- [What is required]
Down to the last line, reproduce the data that follows, but skip the pictures.

- [Given information]
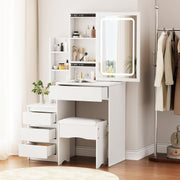 Greige Vanity Dressing Table 10 LED Lights Mirror Storage Drawer Bedroom Modern - Kwikley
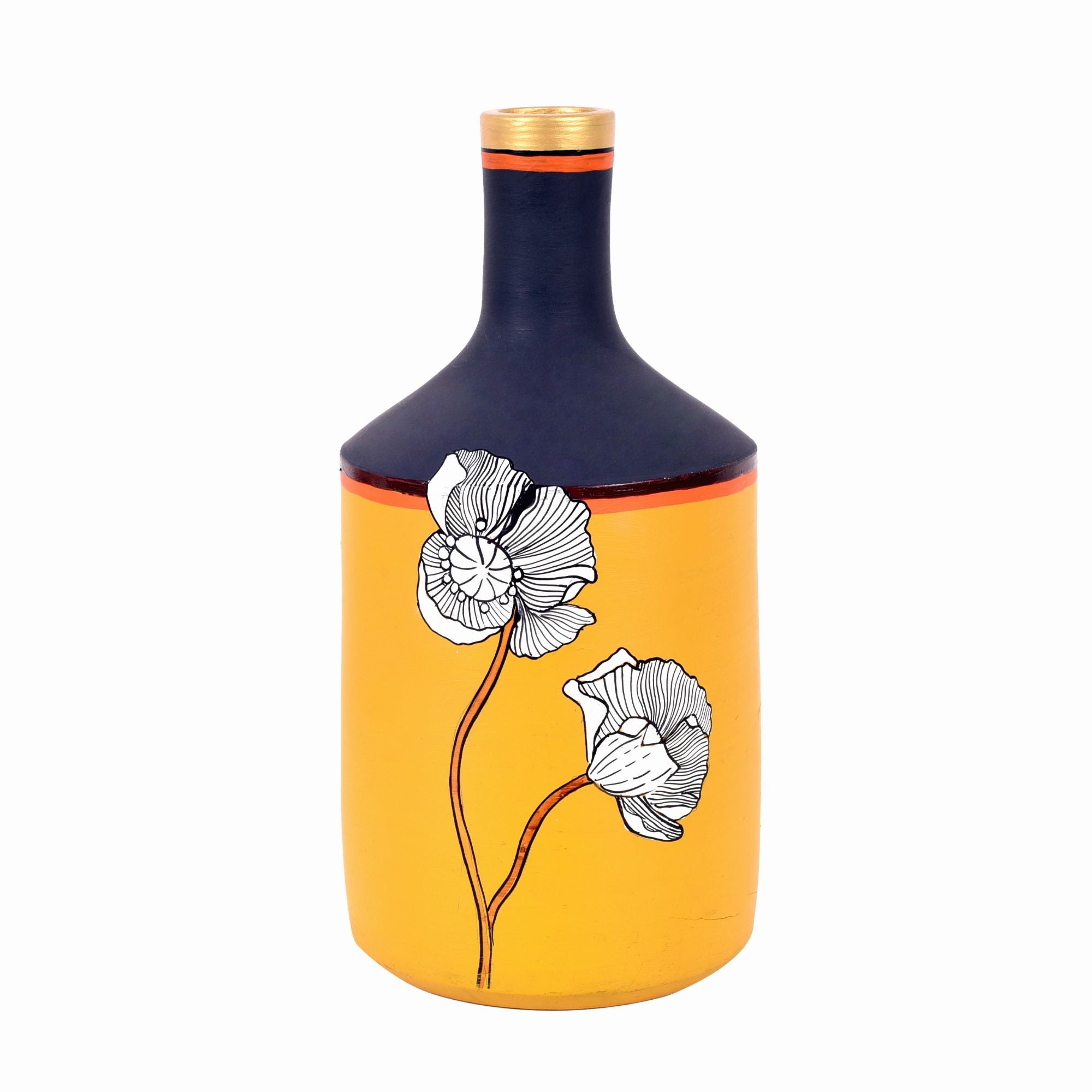 Sunset Flower Terracotta Cone Vase (4x4x9)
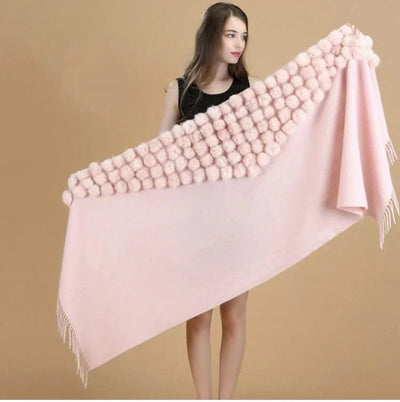Winter Thick  Genuine Rabbit Fur Scarf for Women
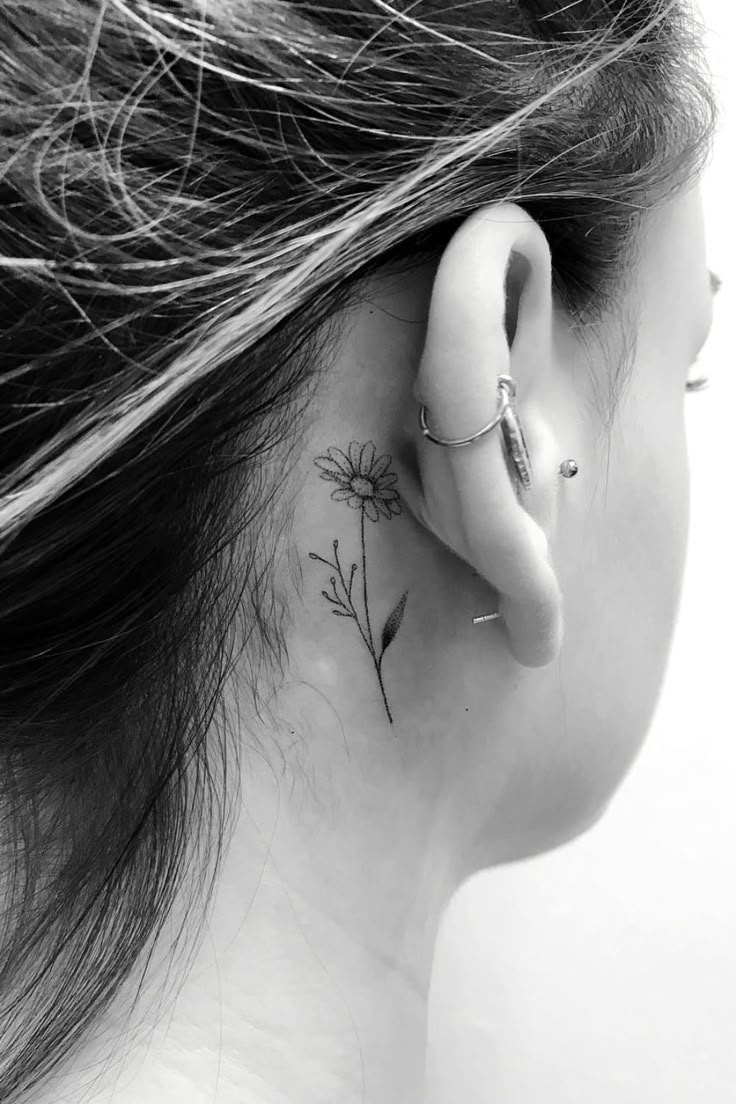 Fine line flower tattoo design for women behind the ear tattoo ideas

- [Written solution]
 Greige Vanity Dressing Table 10 LED Lights Mirror Storage Drawer Bedroom Modern - Kwikley
 Sunset Flower Terracotta Cone Vase (4x4x9)
Winter Thick  Genuine Rabbit Fur Scarf for Women
 Fine line flower tattoo design for women behind the ear tattoo ideas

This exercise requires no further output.